[[ Provided data open ]]

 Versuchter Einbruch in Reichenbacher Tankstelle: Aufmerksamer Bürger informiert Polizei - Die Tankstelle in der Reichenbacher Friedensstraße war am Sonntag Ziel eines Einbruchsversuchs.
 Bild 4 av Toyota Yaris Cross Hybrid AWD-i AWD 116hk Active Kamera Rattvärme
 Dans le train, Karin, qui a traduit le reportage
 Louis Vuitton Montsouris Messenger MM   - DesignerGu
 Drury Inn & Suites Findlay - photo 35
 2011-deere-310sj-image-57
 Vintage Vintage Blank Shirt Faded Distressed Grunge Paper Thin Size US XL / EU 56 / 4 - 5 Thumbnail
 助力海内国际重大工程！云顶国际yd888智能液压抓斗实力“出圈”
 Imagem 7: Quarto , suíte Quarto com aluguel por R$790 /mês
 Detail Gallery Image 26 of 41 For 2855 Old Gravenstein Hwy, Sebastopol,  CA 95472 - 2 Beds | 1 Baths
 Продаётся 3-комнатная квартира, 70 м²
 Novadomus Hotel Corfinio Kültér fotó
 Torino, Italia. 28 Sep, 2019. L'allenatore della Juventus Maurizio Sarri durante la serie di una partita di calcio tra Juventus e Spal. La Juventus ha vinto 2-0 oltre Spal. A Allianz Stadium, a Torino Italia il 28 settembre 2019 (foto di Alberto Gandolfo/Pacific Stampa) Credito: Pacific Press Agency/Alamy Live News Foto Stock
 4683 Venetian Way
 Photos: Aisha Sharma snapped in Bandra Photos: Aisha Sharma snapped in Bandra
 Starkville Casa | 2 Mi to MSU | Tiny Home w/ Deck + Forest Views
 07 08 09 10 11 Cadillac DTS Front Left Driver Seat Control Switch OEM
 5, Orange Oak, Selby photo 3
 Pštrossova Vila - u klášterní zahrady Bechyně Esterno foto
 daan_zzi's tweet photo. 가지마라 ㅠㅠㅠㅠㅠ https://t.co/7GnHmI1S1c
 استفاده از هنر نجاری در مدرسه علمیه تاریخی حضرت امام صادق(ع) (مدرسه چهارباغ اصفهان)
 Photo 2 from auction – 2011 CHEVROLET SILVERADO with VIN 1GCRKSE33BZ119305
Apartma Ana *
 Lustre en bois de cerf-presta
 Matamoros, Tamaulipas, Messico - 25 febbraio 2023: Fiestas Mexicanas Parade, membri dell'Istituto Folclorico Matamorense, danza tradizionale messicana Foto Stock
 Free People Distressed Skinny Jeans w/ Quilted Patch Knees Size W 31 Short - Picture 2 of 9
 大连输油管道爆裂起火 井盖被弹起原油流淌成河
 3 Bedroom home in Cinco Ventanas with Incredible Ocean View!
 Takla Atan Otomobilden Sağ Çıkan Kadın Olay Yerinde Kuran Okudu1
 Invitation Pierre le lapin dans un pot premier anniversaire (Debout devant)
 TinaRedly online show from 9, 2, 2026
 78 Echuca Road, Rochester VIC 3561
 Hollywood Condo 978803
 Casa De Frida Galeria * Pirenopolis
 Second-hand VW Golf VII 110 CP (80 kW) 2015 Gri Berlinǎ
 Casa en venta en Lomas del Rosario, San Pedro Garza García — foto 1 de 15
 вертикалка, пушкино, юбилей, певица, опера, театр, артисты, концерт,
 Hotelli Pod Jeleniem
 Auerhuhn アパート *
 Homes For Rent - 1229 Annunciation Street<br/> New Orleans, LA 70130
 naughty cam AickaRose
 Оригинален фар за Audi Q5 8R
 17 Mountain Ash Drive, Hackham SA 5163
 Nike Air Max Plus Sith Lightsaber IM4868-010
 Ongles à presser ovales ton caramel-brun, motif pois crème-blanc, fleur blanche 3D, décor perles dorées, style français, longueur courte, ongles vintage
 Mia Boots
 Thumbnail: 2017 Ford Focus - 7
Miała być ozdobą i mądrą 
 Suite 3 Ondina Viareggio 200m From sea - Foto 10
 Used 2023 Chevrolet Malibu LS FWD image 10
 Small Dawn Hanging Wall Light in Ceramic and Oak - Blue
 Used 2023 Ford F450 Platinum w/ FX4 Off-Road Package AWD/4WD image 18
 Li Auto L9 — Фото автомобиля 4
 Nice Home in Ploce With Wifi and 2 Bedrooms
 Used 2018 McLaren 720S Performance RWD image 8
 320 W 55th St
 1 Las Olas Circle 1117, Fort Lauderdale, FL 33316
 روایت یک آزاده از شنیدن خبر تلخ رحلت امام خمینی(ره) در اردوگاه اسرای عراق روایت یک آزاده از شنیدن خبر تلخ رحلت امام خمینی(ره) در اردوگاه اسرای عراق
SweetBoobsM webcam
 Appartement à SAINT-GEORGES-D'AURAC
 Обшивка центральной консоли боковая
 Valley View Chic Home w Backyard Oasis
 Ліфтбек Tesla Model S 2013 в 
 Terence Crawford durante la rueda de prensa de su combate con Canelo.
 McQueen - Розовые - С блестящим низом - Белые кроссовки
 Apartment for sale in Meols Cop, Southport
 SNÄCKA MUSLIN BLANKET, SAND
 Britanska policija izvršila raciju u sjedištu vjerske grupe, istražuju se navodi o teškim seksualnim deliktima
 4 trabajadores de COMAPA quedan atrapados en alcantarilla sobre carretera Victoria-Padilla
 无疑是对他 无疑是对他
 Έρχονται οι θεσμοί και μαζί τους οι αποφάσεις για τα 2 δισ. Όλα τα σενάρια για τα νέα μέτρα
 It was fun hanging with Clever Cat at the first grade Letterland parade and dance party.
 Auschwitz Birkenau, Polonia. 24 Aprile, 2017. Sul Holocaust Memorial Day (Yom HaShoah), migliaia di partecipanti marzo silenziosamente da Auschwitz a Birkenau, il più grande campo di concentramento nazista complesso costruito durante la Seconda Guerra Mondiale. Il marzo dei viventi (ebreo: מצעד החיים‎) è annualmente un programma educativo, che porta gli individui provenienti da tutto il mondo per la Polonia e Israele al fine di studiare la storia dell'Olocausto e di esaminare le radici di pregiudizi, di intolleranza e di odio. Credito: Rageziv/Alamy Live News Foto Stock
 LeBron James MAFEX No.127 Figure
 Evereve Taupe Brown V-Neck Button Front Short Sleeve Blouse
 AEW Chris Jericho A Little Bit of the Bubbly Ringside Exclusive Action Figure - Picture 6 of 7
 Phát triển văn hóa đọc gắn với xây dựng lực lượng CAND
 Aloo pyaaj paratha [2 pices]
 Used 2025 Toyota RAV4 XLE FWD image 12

[[ Provided data closed ]]

### What you will do:
When the material above has been read, copy all of it exactly.

### Task response:
 Versuchter Einbruch in Reichenbacher Tankstelle: Aufmerksamer Bürger informiert Polizei - Die Tankstelle in der Reichenbacher Friedensstraße war am Sonntag Ziel eines Einbruchsversuchs.
 Bild 4 av Toyota Yaris Cross Hybrid AWD-i AWD 116hk Active Kamera Rattvärme
 Dans le train, Karin, qui a traduit le reportage
 Louis Vuitton Montsouris Messenger MM   - DesignerGu
 Drury Inn & Suites Findlay - photo 35
 2011-deere-310sj-image-57
 Vintage Vintage Blank Shirt Faded Distressed Grunge Paper Thin Size US XL / EU 56 / 4 - 5 Thumbnail
 助力海内国际重大工程！云顶国际yd888智能液压抓斗实力“出圈”
 Imagem 7: Quarto , suíte Quarto com aluguel por R$790 /mês
 Detail Gallery Image 26 of 41 For 2855 Old Gravenstein Hwy, Sebastopol,  CA 95472 - 2 Beds | 1 Baths
 Продаётся 3-комнатная квартира, 70 м²
 Novadomus Hotel Corfinio Kültér fotó
 Torino, Italia. 28 Sep, 2019. L'allenatore della Juventus Maurizio Sarri durante la serie di una partita di calcio tra Juventus e Spal. La Juventus ha vinto 2-0 oltre Spal. A Allianz Stadium, a Torino Italia il 28 settembre 2019 (foto di Alberto Gandolfo/Pacific Stampa) Credito: Pacific Press Agency/Alamy Live News Foto Stock
 4683 Venetian Way
 Photos: Aisha Sharma snapped in Bandra Photos: Aisha Sharma snapped in Bandra
 Starkville Casa | 2 Mi to MSU | Tiny Home w/ Deck + Forest Views
 07 08 09 10 11 Cadillac DTS Front Left Driver Seat Control Switch OEM
 5, Orange Oak, Selby photo 3
 Pštrossova Vila - u klášterní zahrady Bechyně Esterno foto
 daan_zzi's tweet photo. 가지마라 ㅠㅠㅠㅠㅠ https://t.co/7GnHmI1S1c
 استفاده از هنر نجاری در مدرسه علمیه تاریخی حضرت امام صادق(ع) (مدرسه چهارباغ اصفهان)
 Photo 2 from auction – 2011 CHEVROLET SILVERADO with VIN 1GCRKSE33BZ119305
Apartma Ana *
 Lustre en bois de cerf-presta
 Matamoros, Tamaulipas, Messico - 25 febbraio 2023: Fiestas Mexicanas Parade, membri dell'Istituto Folclorico Matamorense, danza tradizionale messicana Foto Stock
 Free People Distressed Skinny Jeans w/ Quilted Patch Knees Size W 31 Short - Picture 2 of 9
 大连输油管道爆裂起火 井盖被弹起原油流淌成河
 3 Bedroom home in Cinco Ventanas with Incredible Ocean View!
 Takla Atan Otomobilden Sağ Çıkan Kadın Olay Yerinde Kuran Okudu1
 Invitation Pierre le lapin dans un pot premier anniversaire (Debout devant)
 TinaRedly online show from 9, 2, 2026
 78 Echuca Road, Rochester VIC 3561
 Hollywood Condo 978803
 Casa De Frida Galeria * Pirenopolis
 Second-hand VW Golf VII 110 CP (80 kW) 2015 Gri Berlinǎ
 Casa en venta en Lomas del Rosario, San Pedro Garza García — foto 1 de 15
 вертикалка, пушкино, юбилей, певица, опера, театр, артисты, концерт,
 Hotelli Pod Jeleniem
 Auerhuhn アパート *
 Homes For Rent - 1229 Annunciation Street<br/> New Orleans, LA 70130
 naughty cam AickaRose
 Оригинален фар за Audi Q5 8R
 17 Mountain Ash Drive, Hackham SA 5163
 Nike Air Max Plus Sith Lightsaber IM4868-010
 Ongles à presser ovales ton caramel-brun, motif pois crème-blanc, fleur blanche 3D, décor perles dorées, style français, longueur courte, ongles vintage
 Mia Boots
 Thumbnail: 2017 Ford Focus - 7
Miała być ozdobą i mądrą 
 Suite 3 Ondina Viareggio 200m From sea - Foto 10
 Used 2023 Chevrolet Malibu LS FWD image 10
 Small Dawn Hanging Wall Light in Ceramic and Oak - Blue
 Used 2023 Ford F450 Platinum w/ FX4 Off-Road Package AWD/4WD image 18
 Li Auto L9 — Фото автомобиля 4
 Nice Home in Ploce With Wifi and 2 Bedrooms
 Used 2018 McLaren 720S Performance RWD image 8
 320 W 55th St
 1 Las Olas Circle 1117, Fort Lauderdale, FL 33316
 روایت یک آزاده از شنیدن خبر تلخ رحلت امام خمینی(ره) در اردوگاه اسرای عراق روایت یک آزاده از شنیدن خبر تلخ رحلت امام خمینی(ره) در اردوگاه اسرای عراق
SweetBoobsM webcam
 Appartement à SAINT-GEORGES-D'AURAC
 Обшивка центральной консоли боковая
 Valley View Chic Home w Backyard Oasis
 Ліфтбек Tesla Model S 2013 в 
 Terence Crawford durante la rueda de prensa de su combate con Canelo.
 McQueen - Розовые - С блестящим низом - Белые кроссовки
 Apartment for sale in Meols Cop, Southport
 SNÄCKA MUSLIN BLANKET, SAND
 Britanska policija izvršila raciju u sjedištu vjerske grupe, istražuju se navodi o teškim seksualnim deliktima
 4 trabajadores de COMAPA quedan atrapados en alcantarilla sobre carretera Victoria-Padilla
 无疑是对他 无疑是对他
 Έρχονται οι θεσμοί και μαζί τους οι αποφάσεις για τα 2 δισ. Όλα τα σενάρια για τα νέα μέτρα
 It was fun hanging with Clever Cat at the first grade Letterland parade and dance party.
 Auschwitz Birkenau, Polonia. 24 Aprile, 2017. Sul Holocaust Memorial Day (Yom HaShoah), migliaia di partecipanti marzo silenziosamente da Auschwitz a Birkenau, il più grande campo di concentramento nazista complesso costruito durante la Seconda Guerra Mondiale. Il marzo dei viventi (ebreo: מצעד החיים‎) è annualmente un programma educativo, che porta gli individui provenienti da tutto il mondo per la Polonia e Israele al fine di studiare la storia dell'Olocausto e di esaminare le radici di pregiudizi, di intolleranza e di odio. Credito: Rageziv/Alamy Live News Foto Stock
 LeBron James MAFEX No.127 Figure
 Evereve Taupe Brown V-Neck Button Front Short Sleeve Blouse
 AEW Chris Jericho A Little Bit of the Bubbly Ringside Exclusive Action Figure - Picture 6 of 7
 Phát triển văn hóa đọc gắn với xây dựng lực lượng CAND
 Aloo pyaaj paratha [2 pices]
 Used 2025 Toyota RAV4 XLE FWD image 12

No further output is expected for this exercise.